Monday 28 October 2019

HUMAN WRECKAGE

Agent Running in the Field

My father moved from Montreal to Ottawa in 1973, maybe 1974. Dad died in 2014. The two of us did not spend a lot of time together during those four decades in between. As I’ve lived these past five years knowing he will never again be at the other end of a telephone line, I’ve realized he did his best to set me up in life and for life in his quiet, thoughtful and necessarily distant way.

I can write for hours and not scribble or type a single word. That sort of stasis is a peculiar sort of agony. “Sure the sentence is grammatically incorrect but its meaning is clear and it sounds better. Oh…” With advertising copy that conflicted inactivity became something of an ethical dilemma. “Is it fair to bill for pacing and smoking? I’m selling two commodities here, one of which is time. Yes, but…” The back-handed miracle of middle age, semi-retirement, is that I can now write what I want when I want and my time-killing skills have markedly improved.

Since I signed my first lease for independent shelter in first year university I’ve carted a modest yet quality library between apartments and houses, cities and provinces. When I get stuck on a page now, hung up on a comma or a semi-colon, I scan the spines that surround my work area in the Crooked 9 for inspiration. As I contemplate the reference volumes, the histories, the sports writing and some of the world’s great novels, I don’t think of their authors and their subjects, I think of my father and the foundation he patiently and stealthily laid. “Dad gave me that one, that one too and that.” Dad was born in 1924; his collection of Shakespeare’s works, published around that time, is upstairs in the living room anchoring an elegant library table.

My father was a very precise man. His McGill engineering degree was interrupted by the Second World War. Crossword puzzles could be filled in with ink provided one wasn’t too hasty, fooled by the puzzler’s cryptic clues. He instructed me to write the number eight as two circles, much neater than my left-handed Mobius strip. Printing was a more effective way to communicate than cursive because the writer had an iota of additional time to consider his words. Letters from my father were always on sheets of graph paper, one letter per square. I acquired that habit and my printing (and my late older brother’s) looks exactly like Dad’s. Later in his life when he used unlined, personalized stationery, I could tell by the squared off bottom of each letter that he used a steel ruler to keep his lines straight and his margins true.
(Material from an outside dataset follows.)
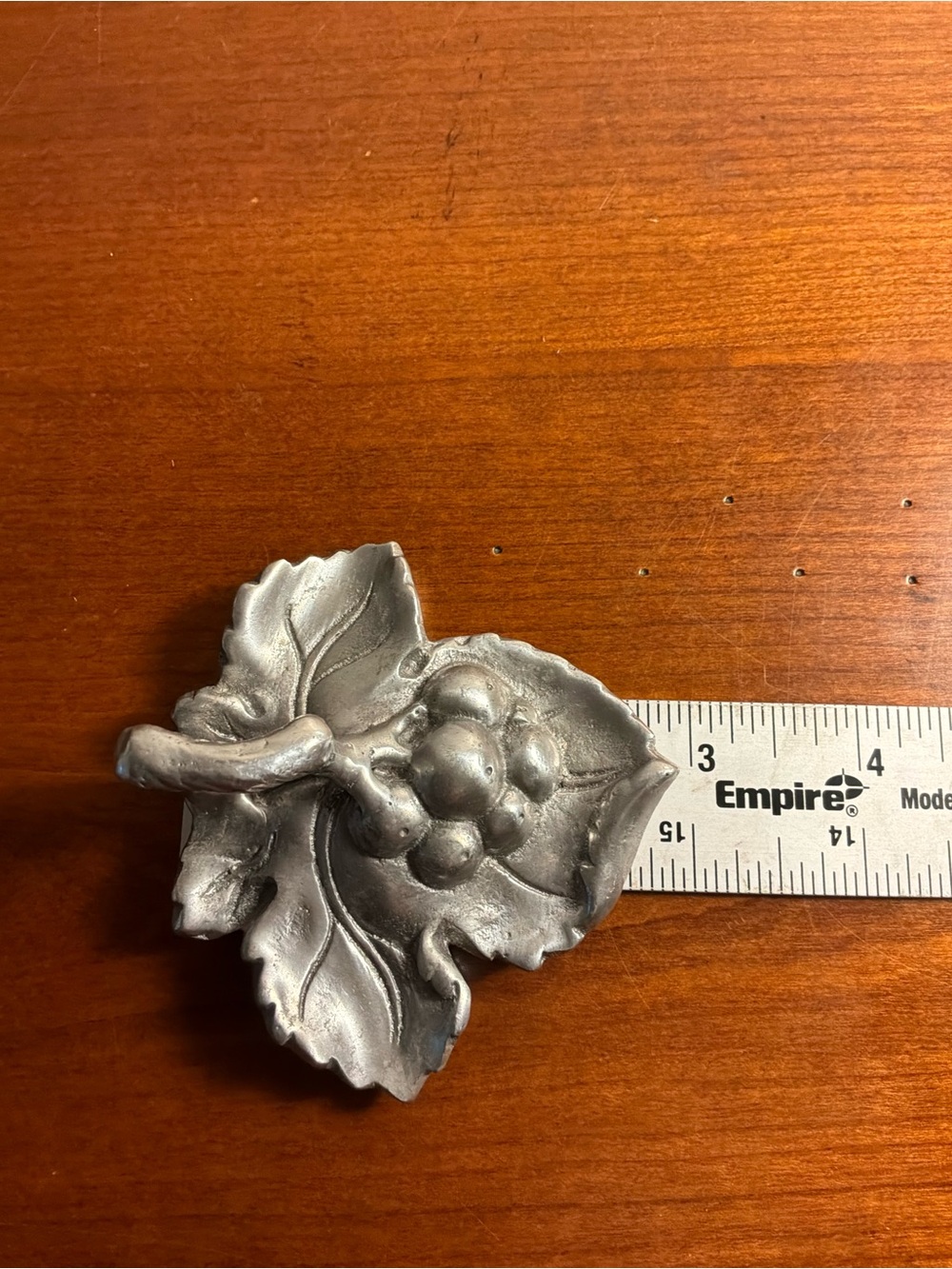 Arthur Court Silver Leaf & Berry Decorative Napkin Weight - Picture 4 of 5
Dad’s favourite novelist was John le Carre. My favourite living author is John le Carre. A portrait of my father in his Royal Canadian Air Force uniform rests on a bookshelf near the hardcover editions of le Carre’s complete works. Some of the books are from my father’s library, some were gifts from him and some I bought myself. The three of us are connected by invisible strands of spider silk, enough perhaps to motivate an agent running in the field.

My father never did complete his engineering degree. He went back to school after the war but quit in frustration. He mentioned that time in his life just once. “After what I’d been through what could anyone say to me?” I believe my father’s experiences overseas taught him that there was a space between right and wrong and that that space was amoral and murky. This theme runs through all of le Carre’s novels and I’m sure it resonated with a particular veteran.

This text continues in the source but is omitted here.